Technology | Media | Telecommunications

Tuesday, September 30, 2014

Explore the Era of Mobile Location-Based Services

​As the mobile service provider's traditional sources of communications revenues decrease, the move towards 4G LTE enables new potential streams of revenues -- including in-store retail applications, big data analytics, customer experience management (CEM) and personalized advertising.

Location-based technologies are at the center of these market developments.

According to their latest global market study, ABI Research has considered the applications, industry verticals and technologies that will drive new location-based revenue growth for mobile carriers worldwide.

"Location for carriers is no longer about navigation applications.

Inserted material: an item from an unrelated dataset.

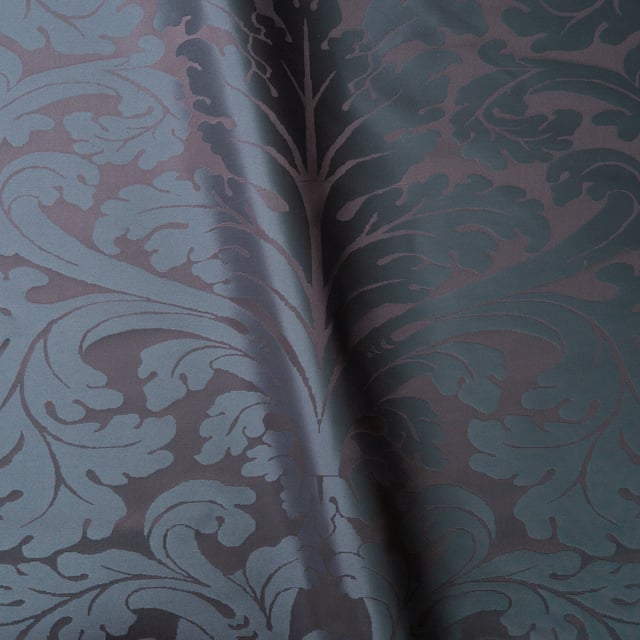 Damas La Vallière Brume (Roll)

Location will become an essential tool in network optimization and CEM, as we move to LTE, HetNets, and personalized subscriber packages," said  Patrick Connolly, senior analyst at ABI Research.

While these advances gives a clear return on investment, ABI says that there is also significant upside on new areas -- such as retail/indoor apps, financial/banking, big data analytics, and advertising.

Huge tertiary benefits aside, ABI Research forecasts associated telecom service provider revenues to approach $2 billion by 2019 in a market with far greater long-term potential.

This is reflected in a number of new and upcoming announcements from major carriers such as Verizon (Precision Market Insights, Smart Rewards), AT&T (Location Information Services), SK Telecom (Indoor Location), Telefnica Germany, O2 (Dynamic Insights), Orange (Data for Development), and Sprint (Pinsight Media).

From an advertising and analytics perspective, ABI has also noted an increase in joint ventures between carriers -- such as Weve in the United Kingdom -- providing the scale and frequency needed to compete. If this proves to be a success, it will be quickly replicated worldwide.

ABI believes that mobile internet service providers have been sitting on a location-based goldmine for too long, fearing a privacy backlash.

However, through careful segmentation of aggregated, anonymous analytics and advertising, coupled with clear opt in/out options and third party approval of anonymity, mobile network proiders can overcome any fears, while giving smartphone users the power to choose how their data is used.

Demand is growing for location-based information services and there is a perceived need for a Google alternative. Savvy mobile network service providers, in particular, are well placed in the analytics, retail, financial and advertising spaces to become just that.